A recent survey found that online shoppers return 70% of the clothing they order, more than any other category of purchase. This has an indirect but real impact on the environment.
Online shoppers tend to order multiple sizes and colors, with the intent of sending back the items that don’t fit or aren’t the right color, a practice known as “bracket shopping.” An augmented reality (AR) tool allowing shoppers to see an image of themselves in the garment, however, made them more likely to want to buy it, according to new research by a team including Fatma Baytar, assistant professor of fiber science and apparel design and director of the Body Scan Research Group.
While not as effective as physically trying it on, the researchers found that AR boosted participants’ attitudes toward the garment, potentially improving the experience and efficiency of online shopping.

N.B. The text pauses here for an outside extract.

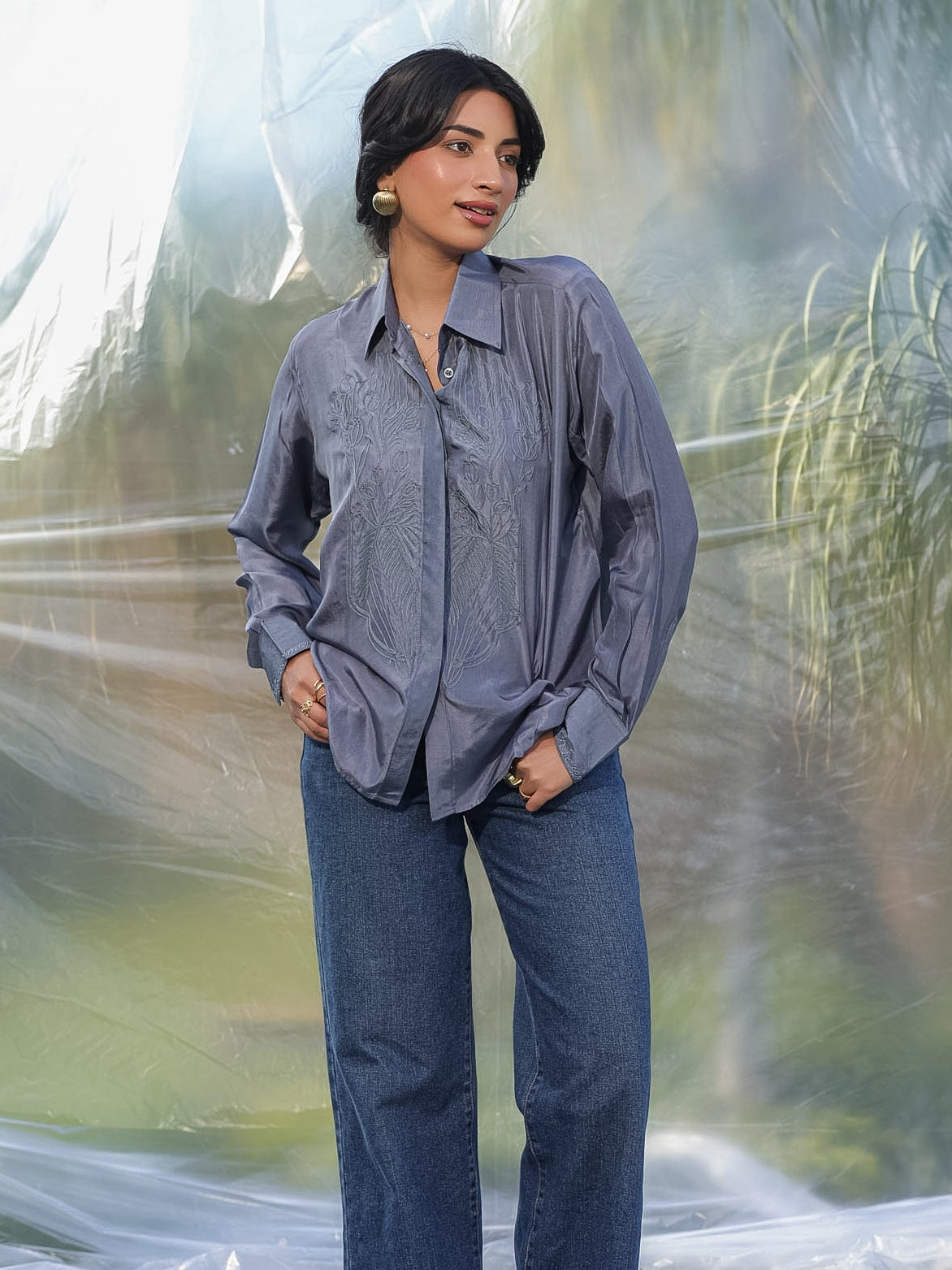 grey silk shirt perfect for casual, party and formal settings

“Bracket purchases increase shelving and shipping costs,” Baytar said. “We’re hoping these technologies can reduce those costs, while also decreasing the carbon footprint associated with return shipping.”
Current virtual try-on technologies offer two methods of improving online shopping. One involves creating an avatar by inputting key body measurements and then trying clothes on the avatar. The other method is AR – using a computer, phone or tablet screen as a mirror reflecting a shopper and background while overlaying the chosen garments on the shopper’ image.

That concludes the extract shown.